I sewed the samples together, using some netting as a backing (you can see the netting at the bottom, where I used the paler samples and spread them farther apart). After this sample-front was finished, I sewed the instruction cards together to make an additional backing, over the netting. The wooden hanger is reinforced by heavy wiring to get the elbows out.
In a nod to her work at RCA, I printed some images on cloth and sewed them on. Then I wrote to her son, and asked if his mother (in her 90's) would like to see it. She would. I brought it to her house, and laid it carefully on the floor. She studied it silently for a long time. I mentioned that I would have liked to include some actual cathode tubes in the piece, but hadn't been able to find any. "Oh, I have some" said Helene, and she gave me some very small ones that I sewed right in. She seemed pleased.
The RCA logo is based on a painting, His Master's Voice, showing a dog listening to a gramophone recording. Here are 3 different versions of the logo: a black-and-white image, the same image used a motif in a mola, and barely visible on a record label. The 2 tubes that Helene gave me are stitched right onto the quilt.

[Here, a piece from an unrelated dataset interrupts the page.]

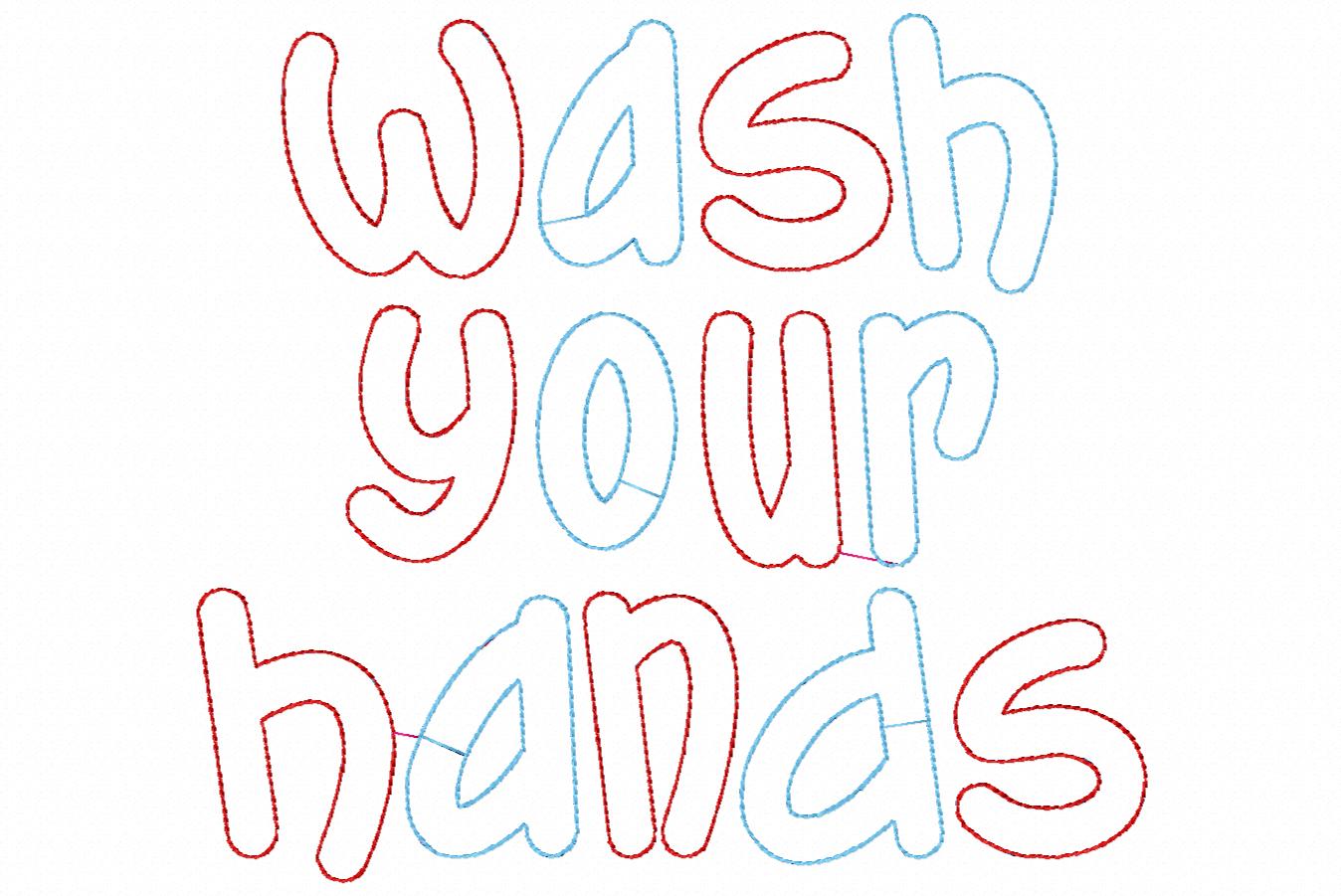 WASH YOUR HANDS - AAEH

I din't get a great deal of textile material at this sale, but I got a whole life history. The man running the sale was kind enough to send me a letter, telling me all about Minnie.

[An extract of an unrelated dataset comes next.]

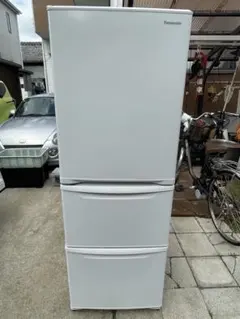 Panasonic ノンフロン冷蔵庫NR-C342CL-N 大きめ 2021年製 - メルカリ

Minnie Harrison was born in West Virginia in 1879 and lived to be 93. She left the family farm and worked as a cook before returning and getting married. They moved to Detroit, then New York City. She had four children. One boy, Paul, died on a train while they were taking him to a doctor. The conductor asked them not to tell anyone, and they just carried him off the train. Minnie had a dream and envisioned a church. In New York, she saw the church of her dream. It was a Catholic church, and she and her children converted (the family in West Virginia was Baptist). Minnie was one of the first women to work for the Brooklyn Dodgers. In about 1960, Minnie came to live with her daughter in Nutley, NJ and stayed until her death.
The tools in this quilt belonged to Minnie, and she made the crochet. I sewed salvaged fabric into a background that has the same 'flavor' as a quilt made by Minnie (which I saw at the sale but was unable to buy).
In this (admittedly pitiful) photo, you can just barely see 2 photos of Minnie: one of her sitting and sewing a quilt, the other with her on her knees, on the floor with her quilt. I found a baseball at another garage sale, and cut it open to include it in this quilt.